═══ GIVEN RECORDS

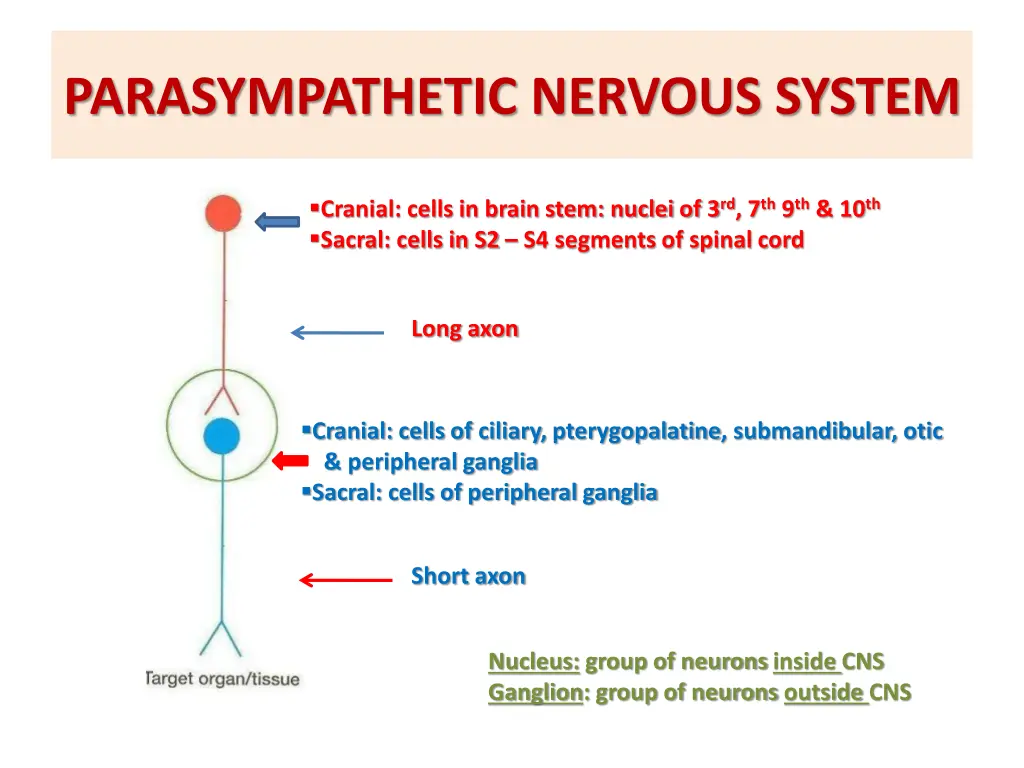 parasympathetic nervous system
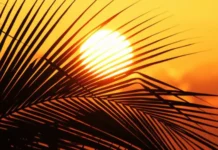 Semana começa com sol em Santa Catarina, mas frente fria traz chuva a partir de quarta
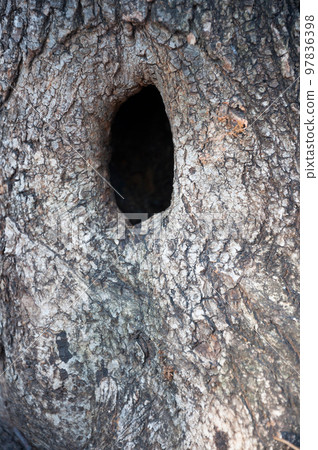 Hollow in a tree.Abstract backdrop. Hollow in a tree.Abstract backdrop. 97836398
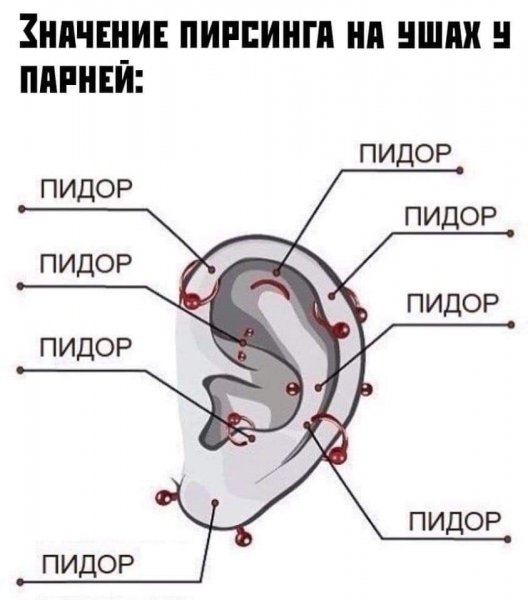 FB IMG 1618285904526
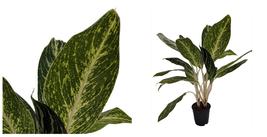 Golden Madonna Chinese Evergreen - Aglaonema - 5&quot; Pot - C2 - £62.05 GBP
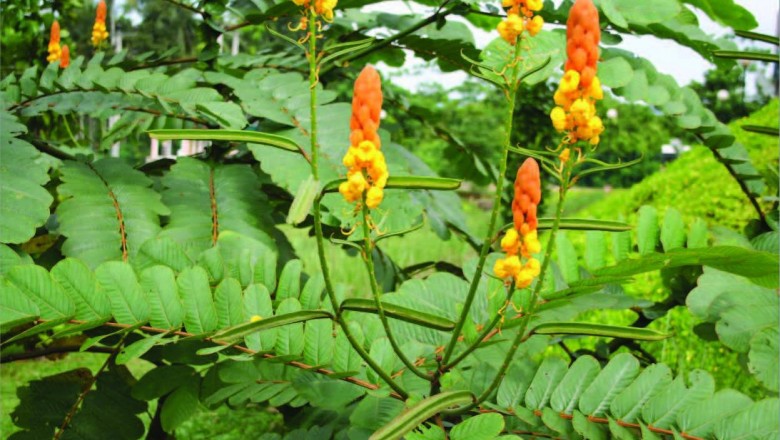 Cây dược liệu cây Muồng trâu hay Muồng lác - Cassia alata L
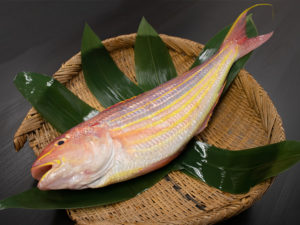 ITOYORI - Threadfin Bream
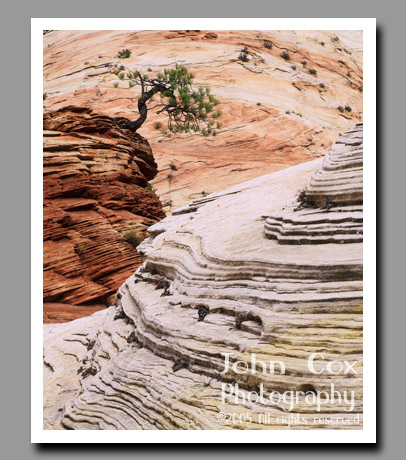 A lone tree grows from a pink soundstone mound in Zion National Park, Utah.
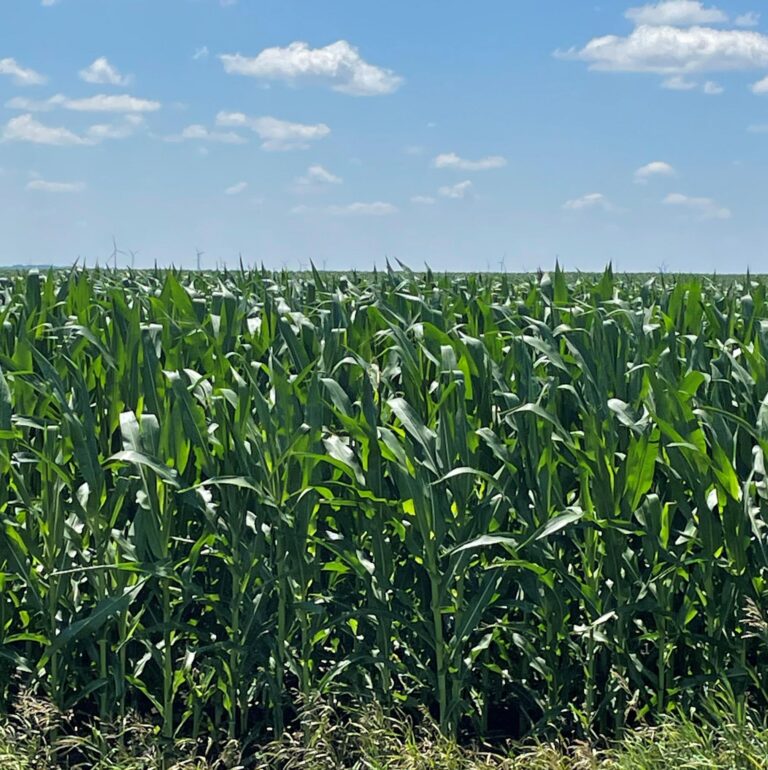 223.35 Acres Selling in 3 Tracts-1-1657741278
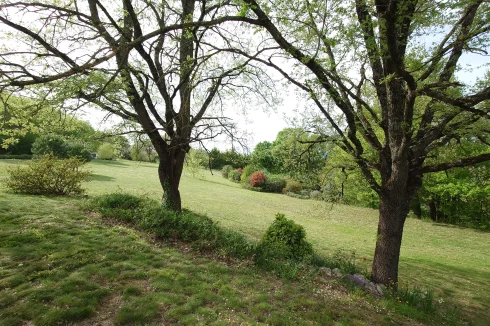 Front view of the field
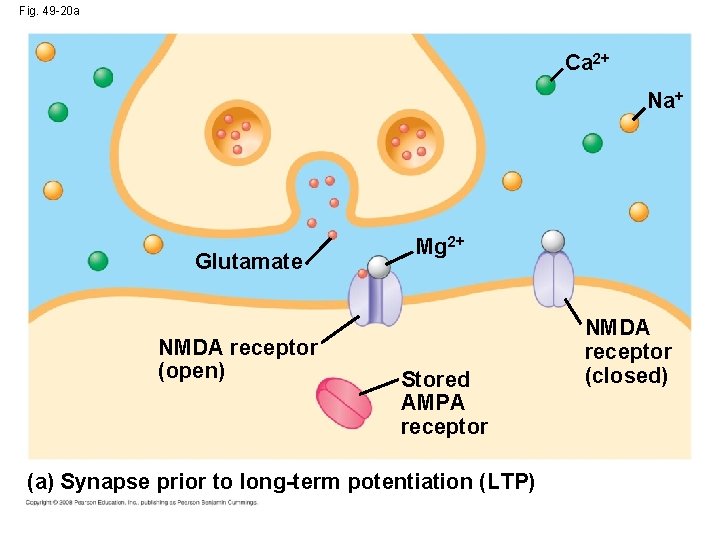 Fig. 49 -20 a Ca 2+ Na+ Glutamate NMDA receptor (open) Mg 2+ Stored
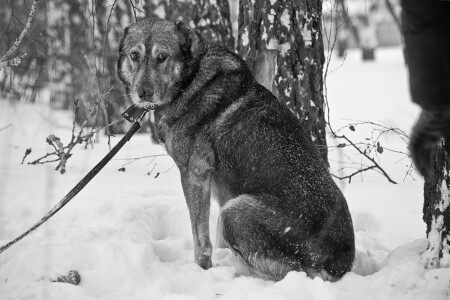 Волчье одиночество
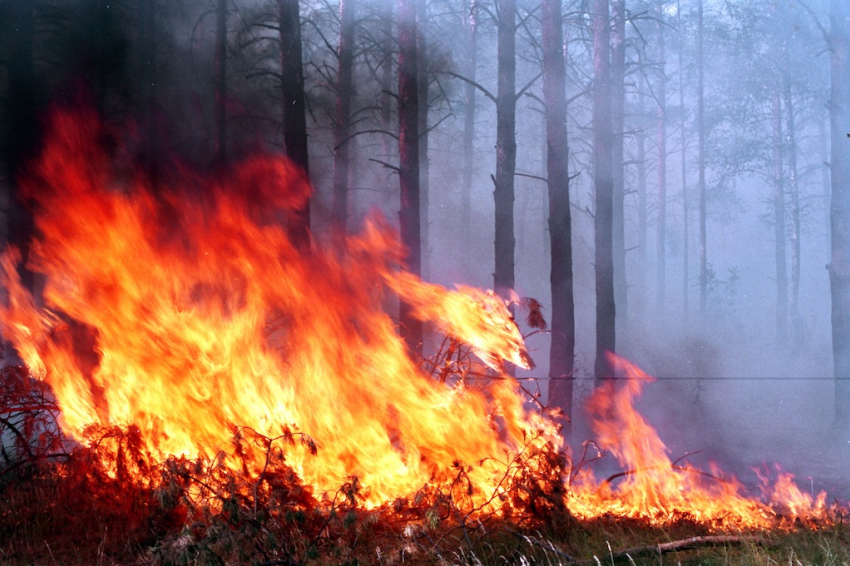 Экстренное предупреждение по пожароопасности объявлено на Кубани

══════

### [WHAT IS REQUIRED]
Your answer must be the exact lines of the records from the first one through the line containing "ITOYORI - Threadfin Bream", with no pictures in it.

### [SOLUTION TO THE PROBLEM]
 parasympathetic nervous system
 Semana começa com sol em Santa Catarina, mas frente fria traz chuva a partir de quarta
 Hollow in a tree.Abstract backdrop. Hollow in a tree.Abstract backdrop. 97836398
 FB IMG 1618285904526
 Golden Madonna Chinese Evergreen - Aglaonema - 5&quot; Pot - C2 - £62.05 GBP
 Cây dược liệu cây Muồng trâu hay Muồng lác - Cassia alata L
 ITOYORI - Threadfin Bream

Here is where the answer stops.